# TRICKY spot -Chair rail + baseboard meeting 90 degree Door Trim



## K2a3m (Aug 31, 2010)

I have a 1/2 bath, and I gutted it and recently thought about putting in bead-board and chair rail trim, and a nice 6inch baseboard, then my brain clicked in about the Cuts I need to do around the "Door".

The main walls are about 8 feet and around the door, I removed the old trim, 3-4 inches, and was origionally going to put in trim that "filled" in the whole area but then how would I ned the other 2 walls of Baseboard, Chairrailing and Beadboard. it wont be flush, and a "Clean Look". I am looking for PIC's of how to fix this.

Do I have to continue the baseboard and chair rail anyway and get a smaller door trim? 
it just wont meet up -


----------



## jlord (Feb 1, 2010)

What do you mean meet up? Can you post a picture of problem? I think your base & chair rail would look good if it was to butt into your door casing. I would have a casing profile that is a little thicker than the chair & base so you would have a small reveal where they meet.

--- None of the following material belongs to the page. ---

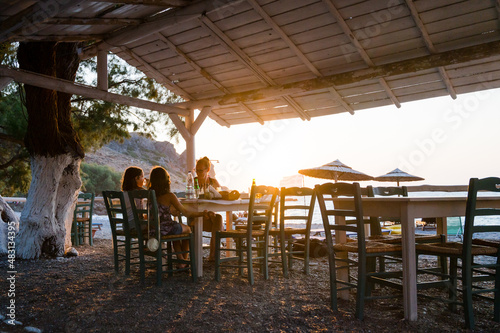 Family enjoying dinner in a restaurant on the beach at sunset.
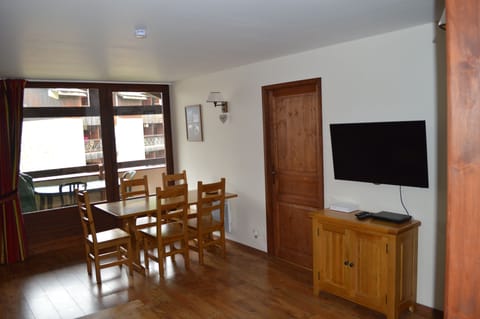Living area looking towards balcony ( door in photo is to main bedroom)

http://www.justmoulding.com/trim-ideas/chair-railing/

http://books.google.com/books?id=Gye2W_3y-SUC&pg=PA210&lpg=PA210&dq=butt+chair+rail+into+casing&source=bl&ots=HSzUUqNtwg&sig=NcvnNwAl1V1LSMWga7VXlTK3cC0&hl=en&ei=EIx9TM6WApC8sAO2rP2CBw&sa=X&oi=book_result&ct=result&resnum=7&ved=0CCoQ6AEwBg#v=onepage&q=butt%20chair%20rail%20into%20casing&f=false

http://www.en8848.com.cn/Article/Home/Decorating/57078.html


----------



## hawglet (Feb 15, 2010)

If I'm understanding right, i think we had the same issue in our bathroom during the last remodel. I simply put a slight miter on the ends meeting up to the door so as it tapered into the casing mold. Looks good still but I didn't take much off, it may look really bad if you need to take a lot off, or maybe I'm not understanding too. Good luck. 
edit: Or maybe you'll need to get out the coping saw in order to follow the casing's profile if it's meeting against the face rather than the outside edge. Start with a scrap or maybe try tracing the profile onto poster board first.


----------



## K2a3m (Aug 31, 2010)

*Reply to TRICKY Chair rail meeting door trim*

Okay here is more information, and I will attach some photos soon. 

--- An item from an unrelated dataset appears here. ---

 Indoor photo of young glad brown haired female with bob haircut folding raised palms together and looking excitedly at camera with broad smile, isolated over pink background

Imagin the inside of the bathroom, and the trim around the Door doesnt leave any room on that wall for chair rail or baseboard. 

Then the 90 degree wall(s) on both sides of that door going toward the inside of the bathroom, will have Baseboards, beadboard and topped with a chairrail, those will not look good when we try to get them to door trip wall. So Should I cut the door trim and slide the chairrail through it and chauck it and paint it or is there a standard way.

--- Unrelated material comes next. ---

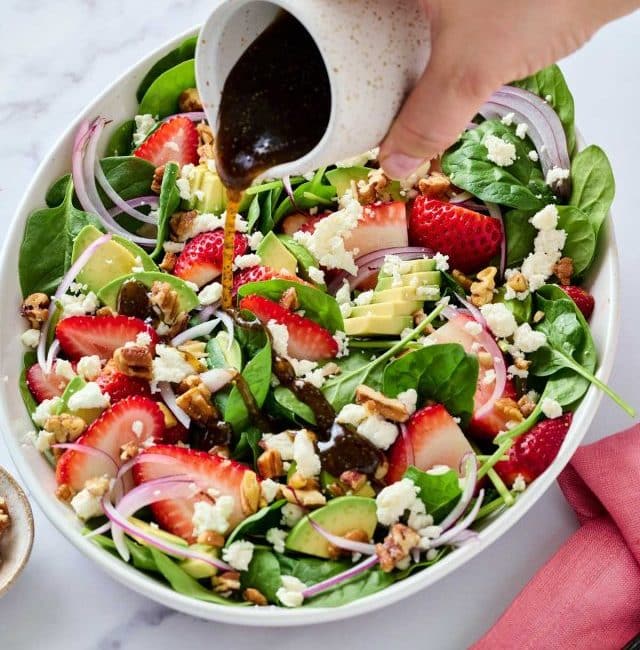 pouring Balsamic Poppy Seed dressing over spinach salad with strawberries and feta cheese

this help what I need help with?


----------



## Old61 (Aug 28, 2010)

Just butt it or cope it to meet the door trim. It will be fine:thumbsup:


----------



## Willie T (Feb 1, 2009)

Something like this?

From *this post* on DIY.


----------



## Old61 (Aug 28, 2010)

This sounds like what he is trying to do


----------



## jlord (Feb 1, 2010)

If your trim will meet up like old61's post #7 (90º corner joint) maybe you could find door casing with more of a flat area around the outer edge to receive a butt joint without interfering with the detail portion of the door casing then just butt into it.


----------



## K2a3m (Aug 31, 2010)

That is how it looks, the T (90degree) I will cut into the trim, on a test strip and see what it looks like and then even look in to a different door trim to perhaps allow it to BUTT into the chairrail too -THANKS GUYS!!


----------